*Data shown:*
------------------------------------------------------------
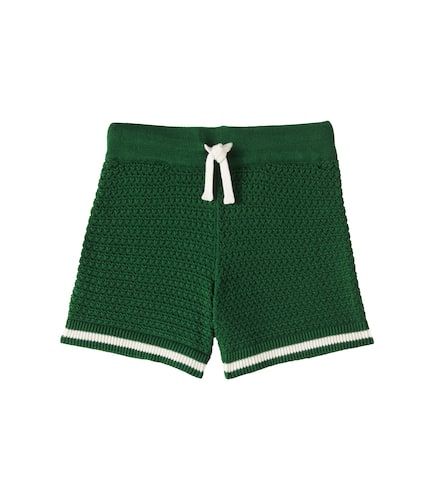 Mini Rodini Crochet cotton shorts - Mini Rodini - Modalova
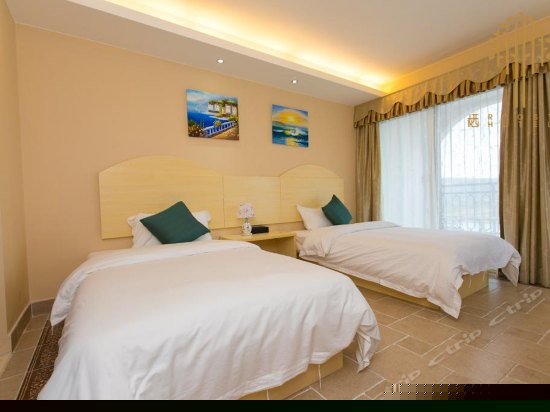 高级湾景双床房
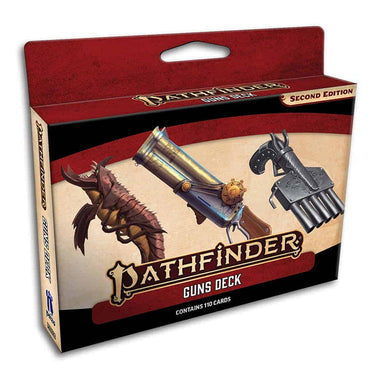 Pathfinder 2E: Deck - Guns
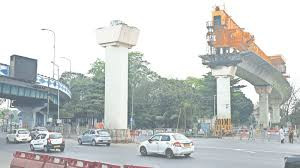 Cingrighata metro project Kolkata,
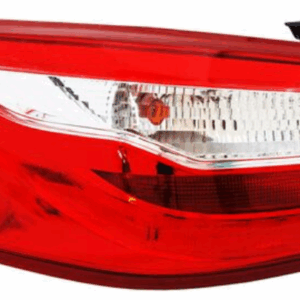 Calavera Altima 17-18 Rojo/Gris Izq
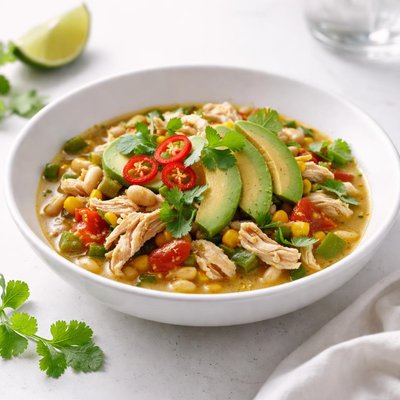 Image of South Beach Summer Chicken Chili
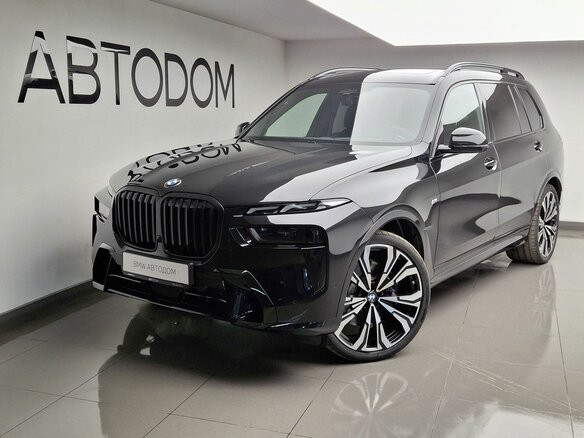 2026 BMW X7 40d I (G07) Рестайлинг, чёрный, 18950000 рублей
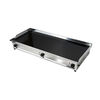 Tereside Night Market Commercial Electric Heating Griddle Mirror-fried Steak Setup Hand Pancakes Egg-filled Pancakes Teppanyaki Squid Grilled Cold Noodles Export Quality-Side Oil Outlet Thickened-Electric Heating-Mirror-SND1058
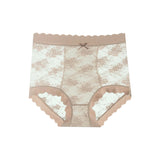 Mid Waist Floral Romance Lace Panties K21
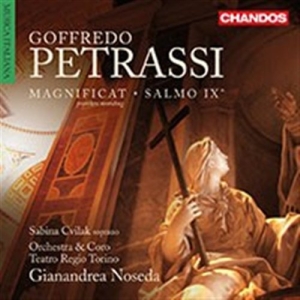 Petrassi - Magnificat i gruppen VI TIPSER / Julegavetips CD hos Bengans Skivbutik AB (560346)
------------------------------------------------------------
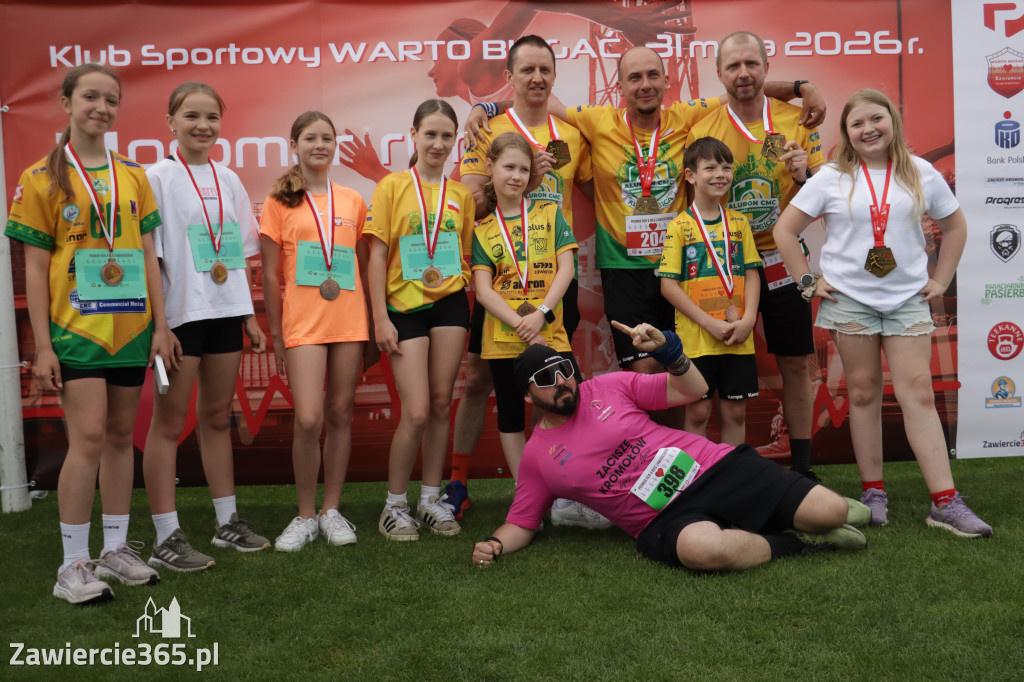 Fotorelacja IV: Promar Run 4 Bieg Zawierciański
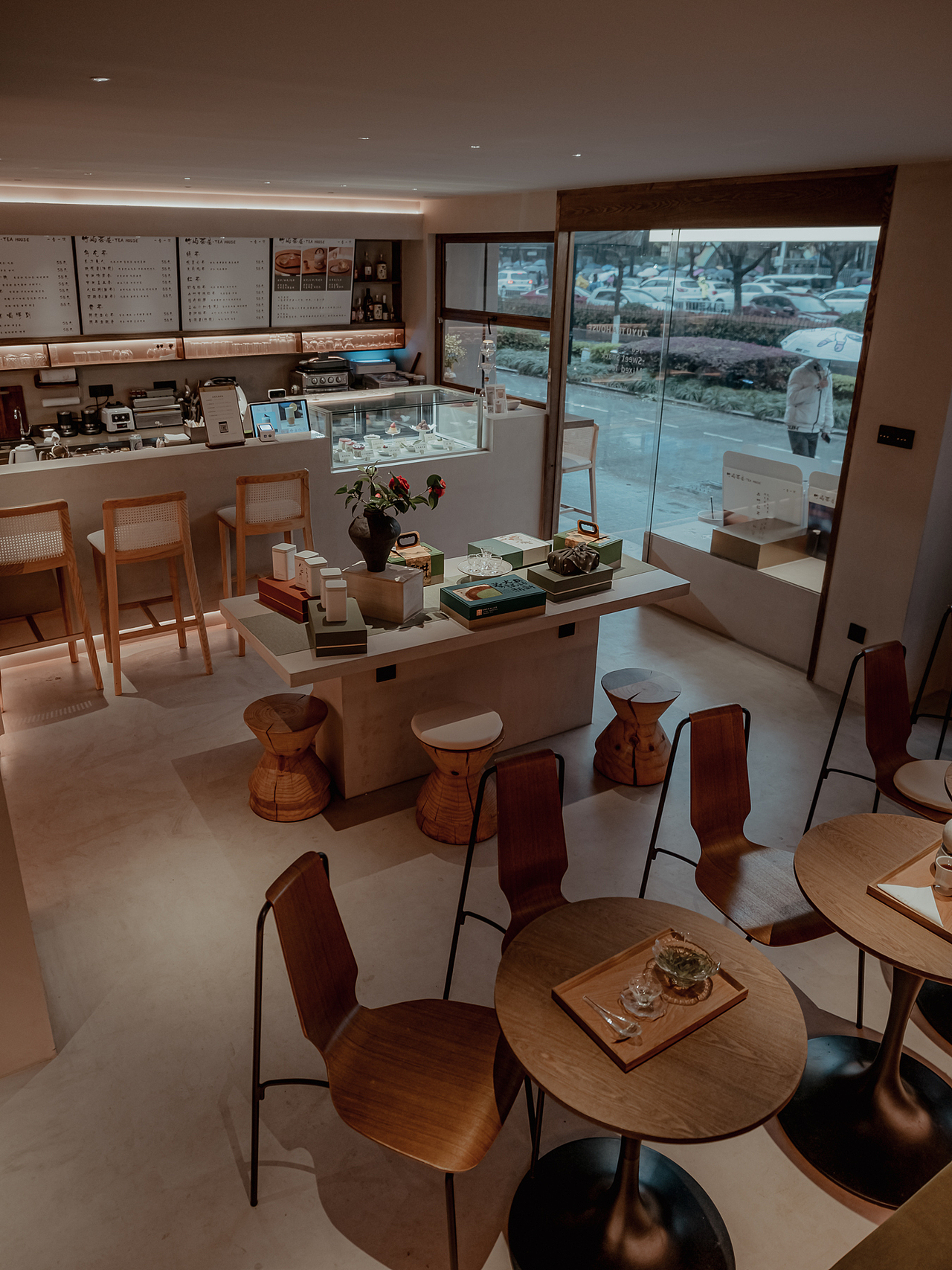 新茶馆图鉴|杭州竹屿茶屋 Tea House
------------------------------------------------------------
*Task to complete:* While skipping the pictures, transcribe the data above from the line showing "Calavera Altima 17-18 Rojo/Gris Izq" through the line showing "Petrassi - Magnificat", exactly and with both ends.

*Output for this exercise:*
 Calavera Altima 17-18 Rojo/Gris Izq
 Image of South Beach Summer Chicken Chili
 2026 BMW X7 40d I (G07) Рестайлинг, чёрный, 18950000 рублей
 Tereside Night Market Commercial Electric Heating Griddle Mirror-fried Steak Setup Hand Pancakes Egg-filled Pancakes Teppanyaki Squid Grilled Cold Noodles Export Quality-Side Oil Outlet Thickened-Electric Heating-Mirror-SND1058
 Mid Waist Floral Romance Lace Panties K21
 Petrassi - Magnificat i gruppen VI TIPSER / Julegavetips CD hos Bengans Skivbutik AB (560346)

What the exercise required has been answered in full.